» Work to be completed
Would you output the lines from the one with "Best Price UAE" through the last line of the material below, exactly, but without pictures?

Collected material: Begin

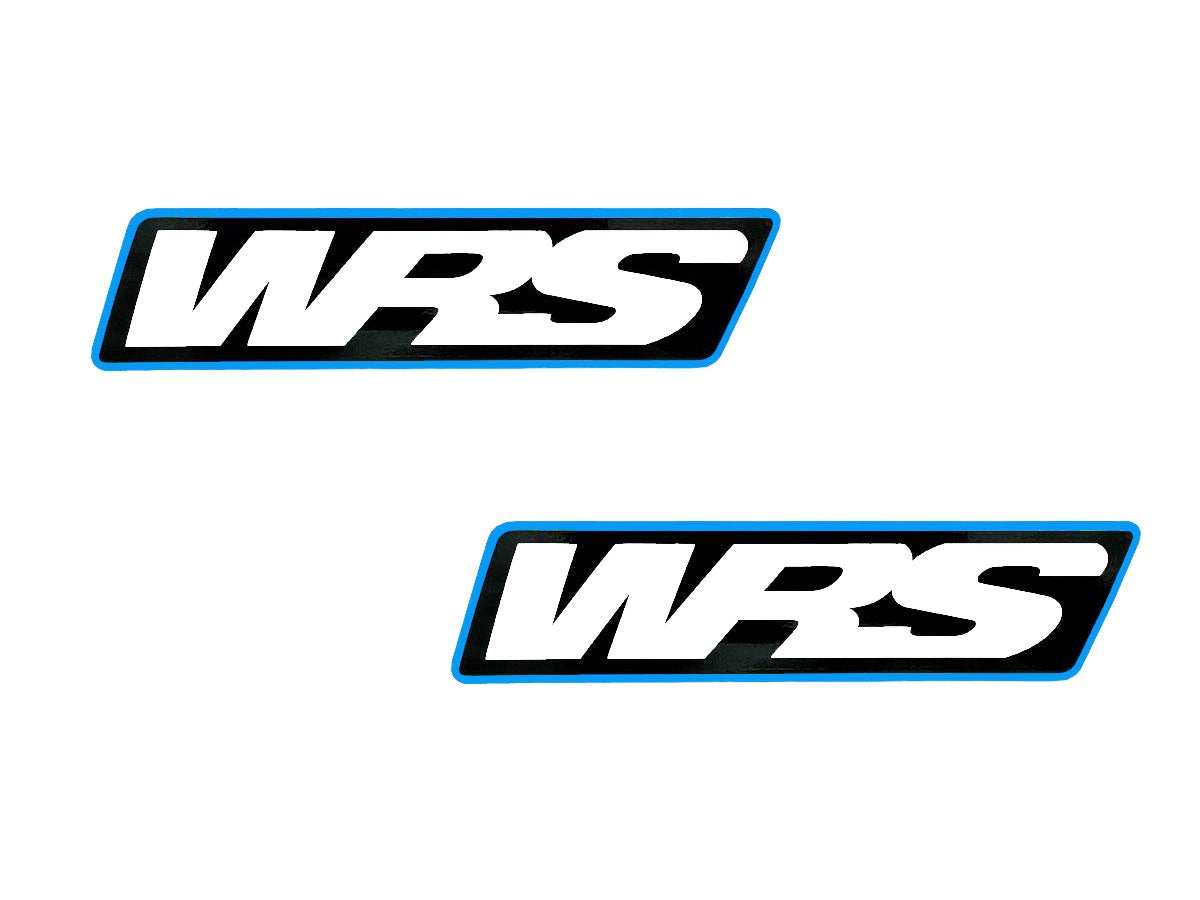 WRS Windscreen Stickers Motogp Team Version Set Of 2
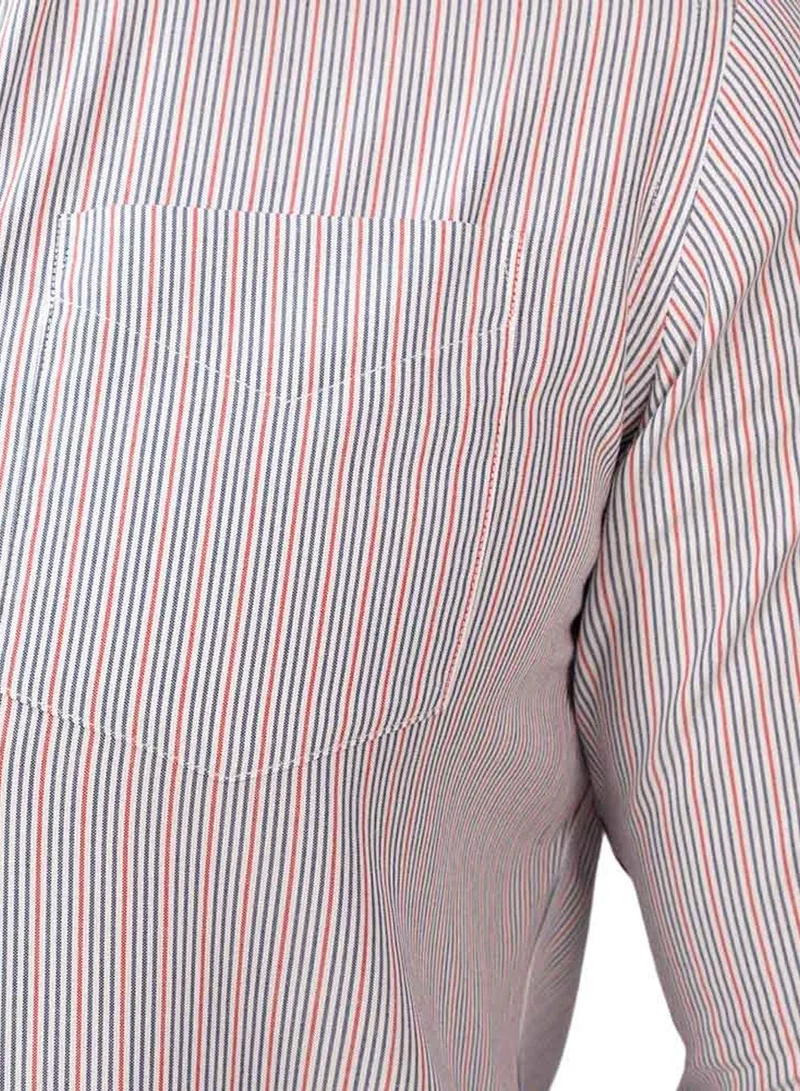 GIORDANO  Men's Wrinkle-Free Long Sleeve Cotton Oxford Shirt for Men | Best Price UAE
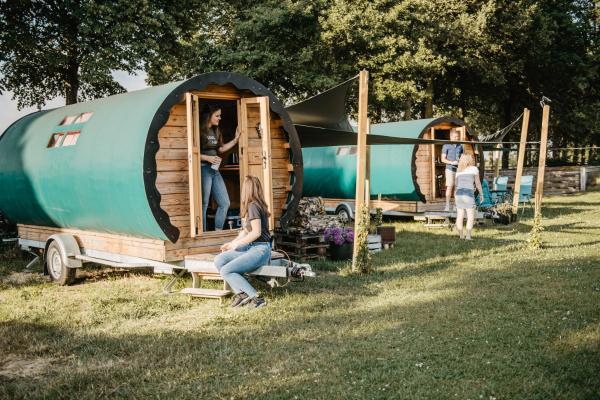 #Glamping@De Verloren Sinjoor, Book Campingplads Camping og glamping i Noord-Brabant, Campingplads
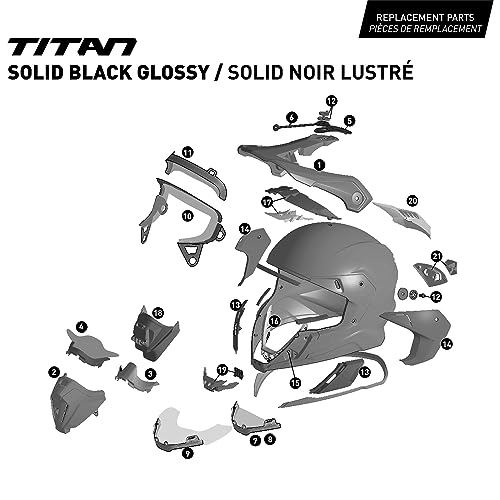 Titan Original Helmet M8798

Collected material: End

» Exercise answer
 GIORDANO  Men's Wrinkle-Free Long Sleeve Cotton Oxford Shirt for Men | Best Price UAE
 #Glamping@De Verloren Sinjoor, Book Campingplads Camping og glamping i Noord-Brabant, Campingplads
 Titan Original Helmet M8798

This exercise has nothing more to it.